This is an automated email from the ASF dual-hosted git repository.
Yicong-Huang pushed a commit to branch main
in repository https://gitbox.apache.org/repos/asf/texera.git
The following commit(s) were added to refs/heads/main by this push:
new a6ae296e10 test(amber-python): per-channel sync in
test_main_loop_thread_can_align_ecm (#4526)
a6ae296e10 is described below
commit a6ae296e10afed49ee32ebdd75ba0aad78ff4529
Author: Yicong Huang <[email protected]>
AuthorDate: Sat Apr 25 23:51:33 2026 -0700
test(amber-python): per-channel sync in test_main_loop_thread_can_align_ecm
(#4526)
### What changes were proposed in this PR?
Fixes the recurring CI flake in
`core/runnables/test_main_loop.py::TestMainLoop::test_main_loop_thread_can_align_ecm`
and tightens the assertion to verify the actual production priority
guarantee.
**Why it flaked**: the test put a data tuple and an alignment-completing
ECM into `input_queue` back-to-back, then assumed `output_queue.get()`
would yield the `DataElement` first followed by the NoOperation reply.
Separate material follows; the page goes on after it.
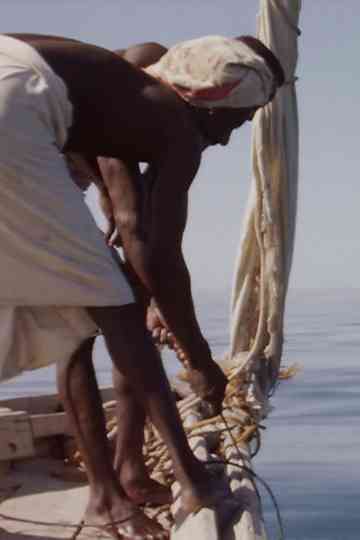 Hauling Sharks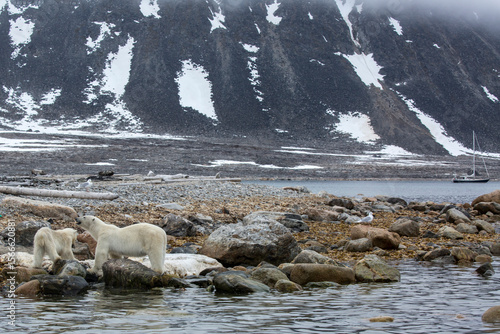 Polar Bear Whale Carcass5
`output_queue` is a `LinkedBlockingMultiQueue` whose sub-queues are
keyed by channel — control channels at priority 1, data channels at
priority 2 (`internal_queue.py:80`). MainLoop produces in this order:
data → NoOperation reply, but whether the test pops them in that order
depends on whether MainLoop has finished both productions by the time
the test calls `.get()`:
- Fast machine: only data is in the queue → data first → ✅
- Slow CI: both items queued → priority returns the control reply first
→ ❌
The production semantics are intentional and correct:
- Control to coordinator outranks data on egress (cross-channel priority
— priority 1 vs 2 sub-queues).
- Within a channel sub-queue, FIFO is preserved (so an ECM forwarded on
a data channel stays behind the data tuples on that same channel).
**Fix**: the test now expresses the priority semantics directly:
1. Wait until both expected channels have their item in `output_queue`'s
sub-queues — the data channel to the downstream worker, and the control
channel back to "sender". Sub-queues are added lazily on first put, so
the wait safely treats a missing key as size zero.
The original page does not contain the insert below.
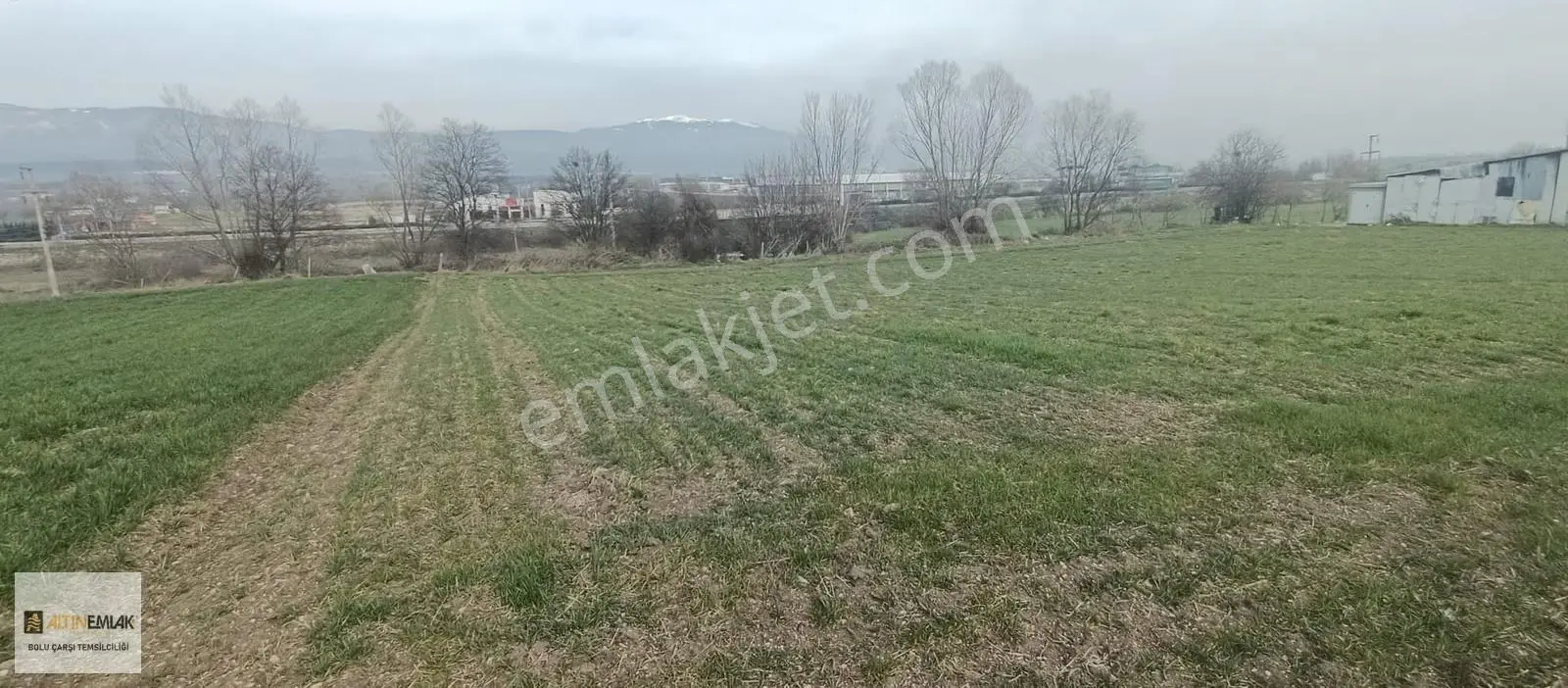 Bolu Altın Emlak Çarşı Temsilciliği Satılık Tarla - Görsel 4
2. With both items queued, assert the priority pop order:
`output_queue.get()` first returns the `DCMElement` (NoOperation reply,
control sub-queue priority 1), then the `DataElement` (data sub-queue
priority 2).
3. Bounded with a 5s timeout so a regression that drops one of the
channels fails with a descriptive message instead of hanging.
If a future change flips priorities or routes the NoOperation reply to a
different channel, the first `get()` now fails fast with "expected
control reply first".
No production code change.
### Any related issues, documentation, discussions?
Closes #4524. Has been hitting unrelated PRs (#4512, #4520).
### How was this PR tested?
Ran 30 consecutive iterations locally — 30 PASS, 0 FAIL.
`ruff format --check .` and `ruff check .` clean.
### Was this PR authored or co-authored using generative AI tooling?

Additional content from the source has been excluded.